#### [What is needed]
Please give, word for word, the line containing "Hyundai Kona 2024, 23812" and every line that comes after it in the data below.
━━━━━━━━━━━━━━━━
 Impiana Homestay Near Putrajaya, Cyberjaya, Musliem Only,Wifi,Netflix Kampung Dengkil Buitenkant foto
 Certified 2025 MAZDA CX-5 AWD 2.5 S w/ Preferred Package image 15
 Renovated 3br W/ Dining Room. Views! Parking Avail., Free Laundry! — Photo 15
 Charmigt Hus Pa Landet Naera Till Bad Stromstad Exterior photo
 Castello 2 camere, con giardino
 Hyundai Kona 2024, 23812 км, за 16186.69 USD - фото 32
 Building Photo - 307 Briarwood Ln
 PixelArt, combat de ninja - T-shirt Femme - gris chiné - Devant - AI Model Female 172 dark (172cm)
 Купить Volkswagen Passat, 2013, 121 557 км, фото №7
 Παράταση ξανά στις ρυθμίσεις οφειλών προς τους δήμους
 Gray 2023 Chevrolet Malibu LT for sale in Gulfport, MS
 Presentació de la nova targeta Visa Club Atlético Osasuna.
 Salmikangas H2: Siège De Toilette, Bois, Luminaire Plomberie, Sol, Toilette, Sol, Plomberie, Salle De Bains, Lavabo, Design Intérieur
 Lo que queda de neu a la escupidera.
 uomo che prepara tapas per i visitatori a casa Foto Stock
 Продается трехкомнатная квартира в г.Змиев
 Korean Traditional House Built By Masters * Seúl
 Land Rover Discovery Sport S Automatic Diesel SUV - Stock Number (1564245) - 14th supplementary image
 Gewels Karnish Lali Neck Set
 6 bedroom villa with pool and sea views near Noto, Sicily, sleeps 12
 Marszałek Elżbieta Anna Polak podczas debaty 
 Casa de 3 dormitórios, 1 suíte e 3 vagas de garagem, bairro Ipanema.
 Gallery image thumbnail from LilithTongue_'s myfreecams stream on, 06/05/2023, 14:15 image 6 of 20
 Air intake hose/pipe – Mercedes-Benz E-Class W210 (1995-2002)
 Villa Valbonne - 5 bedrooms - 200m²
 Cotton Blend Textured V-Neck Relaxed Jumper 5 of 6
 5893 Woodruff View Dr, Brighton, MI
━━━━━━━━━━━━━━━━
#### [Response for this exercise]
 Hyundai Kona 2024, 23812 км, за 16186.69 USD - фото 32
 Building Photo - 307 Briarwood Ln
 PixelArt, combat de ninja - T-shirt Femme - gris chiné - Devant - AI Model Female 172 dark (172cm)
 Купить Volkswagen Passat, 2013, 121 557 км, фото №7
 Παράταση ξανά στις ρυθμίσεις οφειλών προς τους δήμους
 Gray 2023 Chevrolet Malibu LT for sale in Gulfport, MS
 Presentació de la nova targeta Visa Club Atlético Osasuna.
 Salmikangas H2: Siège De Toilette, Bois, Luminaire Plomberie, Sol, Toilette, Sol, Plomberie, Salle De Bains, Lavabo, Design Intérieur
 Lo que queda de neu a la escupidera.
 uomo che prepara tapas per i visitatori a casa Foto Stock
 Продается трехкомнатная квартира в г.Змиев
 Korean Traditional House Built By Masters * Seúl
 Land Rover Discovery Sport S Automatic Diesel SUV - Stock Number (1564245) - 14th supplementary image
 Gewels Karnish Lali Neck Set
 6 bedroom villa with pool and sea views near Noto, Sicily, sleeps 12
 Marszałek Elżbieta Anna Polak podczas debaty 
 Casa de 3 dormitórios, 1 suíte e 3 vagas de garagem, bairro Ipanema.
 Gallery image thumbnail from LilithTongue_'s myfreecams stream on, 06/05/2023, 14:15 image 6 of 20
 Air intake hose/pipe – Mercedes-Benz E-Class W210 (1995-2002)
 Villa Valbonne - 5 bedrooms - 200m²
 Cotton Blend Textured V-Neck Relaxed Jumper 5 of 6
 5893 Woodruff View Dr, Brighton, MI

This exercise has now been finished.